Michael from Muckrock sez, "Want to know what guns your neighbor has? Generally public record. What guns your government has? That's top secret. A recent public records request for the armaments of a local police department in Somerville, MA., was met with a surprising response: Releasing a list of guns the department held 'is likely to jeopardize public safety,' and so is exempt from public disclosure. Maybe they're arming up for an insurrection?

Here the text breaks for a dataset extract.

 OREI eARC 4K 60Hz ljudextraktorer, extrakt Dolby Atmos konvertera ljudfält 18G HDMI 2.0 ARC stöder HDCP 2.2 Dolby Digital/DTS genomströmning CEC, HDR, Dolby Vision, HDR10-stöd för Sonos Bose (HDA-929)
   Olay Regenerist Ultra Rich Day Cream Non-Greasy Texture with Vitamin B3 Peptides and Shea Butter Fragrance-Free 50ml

83 Responses to “Cops in Somerville, MA: "It would endanger the public to tell you what guns we have"”

  1. thaum says:

    There’s somewhat of a delicious irony when people push for gun control and publicity about gun ownership and mental health and guns and everything… but somehow exempt implicitly governments from the same laws.

    • Pope Ratzo says:

       This is going to blow your mind:  The US military has weapons that YOU DON’T KNOW ABOUT.  The locations of all of our nuclear submarines are NOT PUBLIC KNOWLEDGE.  And yet there is a database of your guns (I know this, because the NRA sells that data to whomever wants it).

      We better be careful, or next the government is going to want our social security numbers.

      • thaum says:

        “This is going to blow your mind:  The US military has weapons that YOU DON’T KNOW ABOUT. ”

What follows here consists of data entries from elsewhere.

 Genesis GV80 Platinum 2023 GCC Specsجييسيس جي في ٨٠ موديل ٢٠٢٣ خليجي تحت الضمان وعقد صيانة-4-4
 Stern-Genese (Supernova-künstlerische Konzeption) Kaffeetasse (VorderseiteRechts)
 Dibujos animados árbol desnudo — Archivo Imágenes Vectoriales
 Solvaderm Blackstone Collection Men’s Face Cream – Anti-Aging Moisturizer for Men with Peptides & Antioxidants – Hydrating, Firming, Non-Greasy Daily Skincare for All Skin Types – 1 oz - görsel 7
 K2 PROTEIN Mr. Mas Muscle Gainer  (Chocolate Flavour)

        This is a repetition of the article content. Good job on repeating that.

        Maybe try justifying why the US citizenry should or should not know about them next time?

        • Snig says:

           The US military retains information about some of their weaponry and defenses so that hostiles don’t use that information to make the weaponry and defenses useless.  He used the example of location of nuclear submarines, a well known example of “things you don’t want the enemy to know” to indicate this.  I assumed Pope didn’t mention it because it was obvious.

          • thaum says:

            Why can’t I keep some of my hypothetical weaponry and defenses private so that hostiles don’t use that information to make my weaponry and defenses useless? 

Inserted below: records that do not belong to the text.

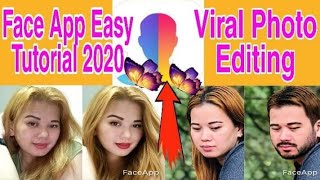 FACE APP EASY TUTORIAL 2020 VIRAL PHOTO EDITING/Katherin'z Vlog screenshot 4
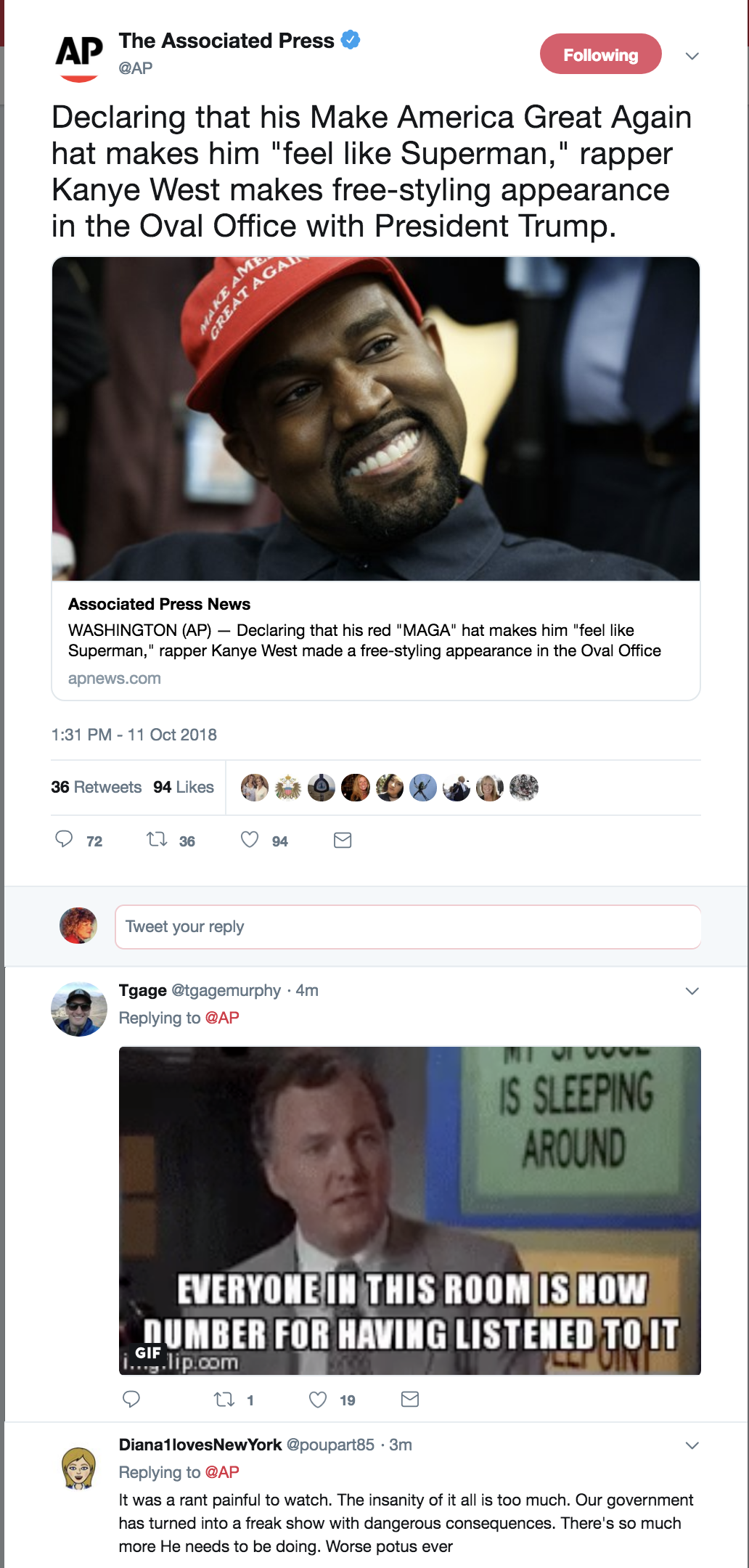 Screen-Shot-2018-10-11-at-1.37.25-PM Trump's Embarrassing Display With Kanye West Goes Viral Donald Trump Election 2020 Mental Illness Politics Top Stories 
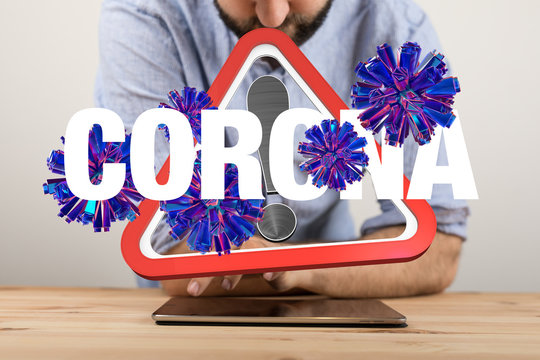 Corona Virus - Microbiology And Virology Concept - 3d Rendering.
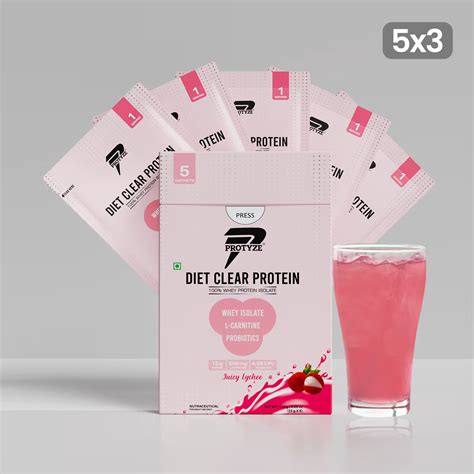 Lychee Protein with Probiotics | 15 Sachets of Protein for Weight Loss ...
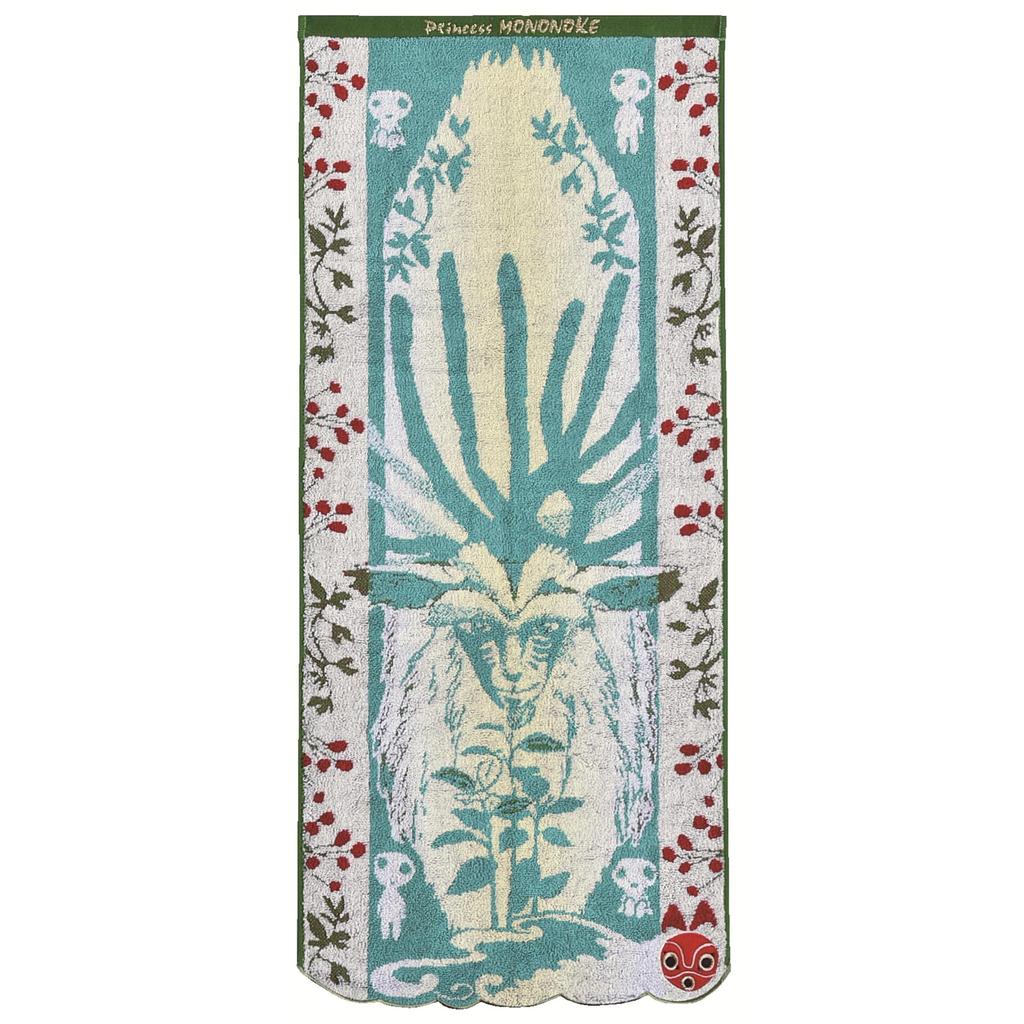 Marushin Face Ghibli and and Organic Antibacterial and 1005060100 Towel, "Princess Mononoke" "Grandfather Son" Design, Cotton, Deodorizing,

            I know that some people have seemed to internalize the fact that there seems to be one law and practice for government and another more restrictive law and practice for citizenry. I believe questioning government practice shouldn’t just be obvious and swallowed without actually going through the intellectual process of analysing these internalized thoughts, thanks.

          • Snig says:

            I’ve thought about it.  I think it’s ok for the government to have fighter jets and bombers, armed naval vessels,  most large caliber military weapons I would question the need for individuals to have them.  The British ain’t coming.  If the North Koreans are coming, you’re not going to be able to shoot their missile out of the sky.  The Somerville PD aren’t coming for you. You are allowed to have a vast assortment of lethal items in your house/bunker/underground lair without government knowledge or approval.  You’re able to keep a bunch more dangerous ones with minimal government oversight.    Most wackos in the US can get there hands on more armament then is sensible. 

        • Vince Rossi says:

          This is going to blow your mind: The police are NOT THE MILITARY THEY ARE CIVILIANS.

          You know what else will blow your mind: Thinking for yourself. Questioning everything and NOT parroting a craptacular article. Baaa, baaa, Ba-Zing!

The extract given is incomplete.